Ayer en un ataque de frikismo me pase desde las tres hasta las 7 de la tarde bajo un sol de justicia, en una cola (Cabes contente) en la Plaza Mayor de Madrid para coger un buen sitio para un concierto de
Barenboim, en concreto la
9º de
Beethoven. La panda de frikies que me acompañaban superaban con creces las rareces de los blog-amiguetes del Tossi. Una señora que no pasaba de 1,40 con vestido saco de flores y una gorra de Fernando Alonso, dos homosexuales melómanos que discutían sobre la calidad de la soprano y que tenían más de 20 versiones de la 9ª, un señor que no bajaba de los setenta cheposo con tanta caspa que cuando se movía un poco parecía como una abeto nevado agitado por el viento, y un par de chavales que no se perdían una de los conciertos del ciclo de
Veranos de la Villa.
Lo más curioso de todo es que parecía que todos se conocían. Como viejos amigos bromeaban de las incidencias acaecidas en ediciones anteriores del festival y de las anecdotas de las colas que habían compartido juntos.

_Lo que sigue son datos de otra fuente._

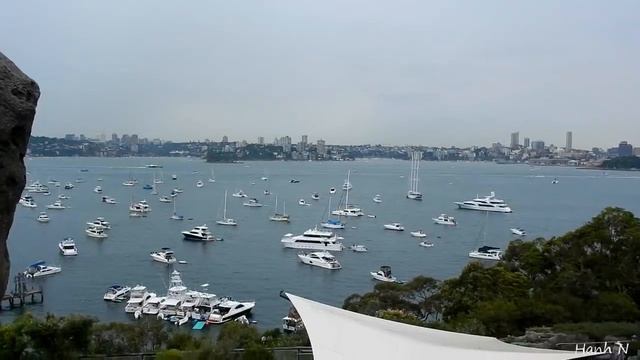 Taronga Zoo, Sydney Australia смотреть онлайн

Tras dos horas, el sol empezó a afectarnos la consciencia y los gay guys se enzarzaron en una animada discusión con el señor de la caspa sobre ciertas estrofas de la
Ode an die Freude sobre su
influencia sobre las revoluciones burguesas del siglo XIX.
Pa mi que todo esto es tan frikie que los del Whedon o los de Godzilla.

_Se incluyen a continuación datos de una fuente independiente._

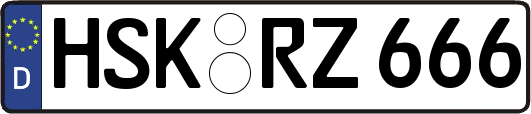 HSK-RZ666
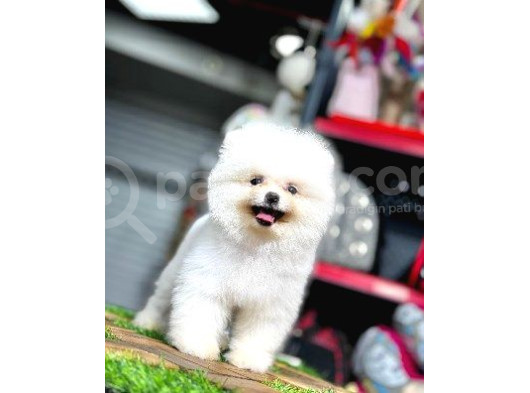 Ayi Surat Pomerani̇an Boo görsel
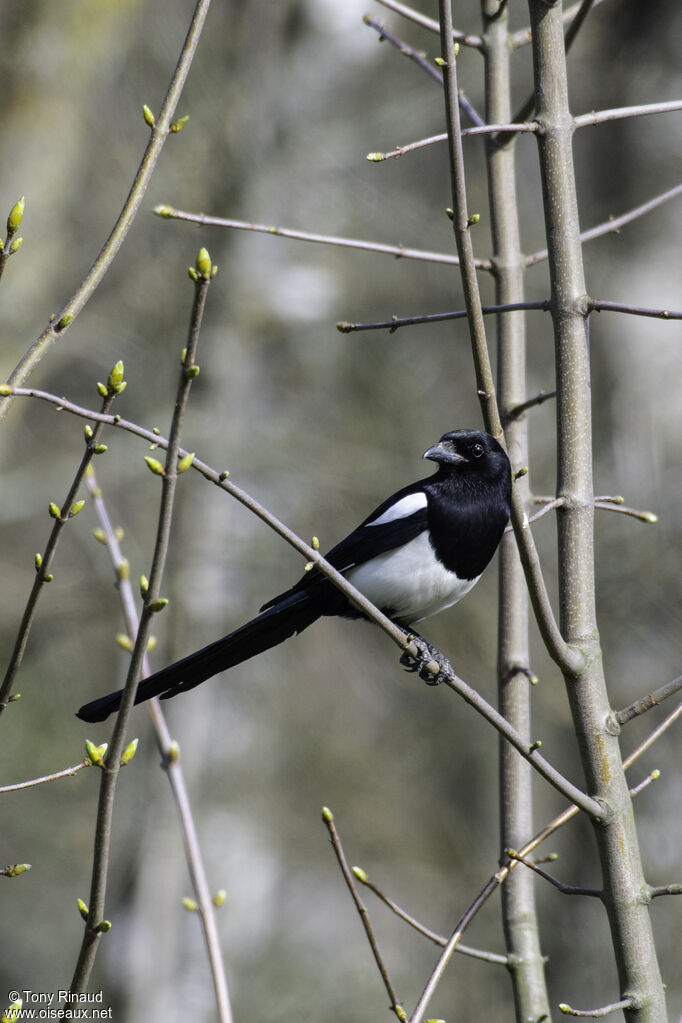 Eurasian Magpieadult, identification, aspect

Pormenorizando con algunos de detalles de concierto, el elenco de interpretes fueron canela fina:
La Orquesta West-Eastern Divan, proyecto filantrópico de los intelectuales
Edward Said y Daniel Barenboim compuesto por jóvenes músicos de Israel, Palestina, Andalucía y otros países árabes con la siguiente declaración de intenciones:
"Nosotros sólo creemos en dos ideas políticas absolutamente necesarias:- No existe una solución militar al conflicto palestino-israelí.- Los destinos de los pueblos palestino e israelí están inexorablemente unidos; tienen que coexistir juntos en una misma tierra.Este año nuestro proyecto tien lugar en claro contraste con la crueldad y salvajismo que les niega a tantos civiles inocentes la posibilidad de seguir viviendo, realizando sus metas y sueños. La destrucción que el gobierno israelí lleva a cabo de las estructuras vitales en Líbano y Gaza, desarraigando a un millón de personas e inflingiendo numerosas bajas en la población civil, y el bombardeo indiscriminado de civiles en el norte de Israel por parte de Hebollah suponen exactamente lo contrario de lo que nosotros creemos. La negativa a un alto al fuego y a iniciar negociaciones para resolver de una vez por todas el conflicto en todos sus aspectos va también en contra de la esencia de nuestro proyecto..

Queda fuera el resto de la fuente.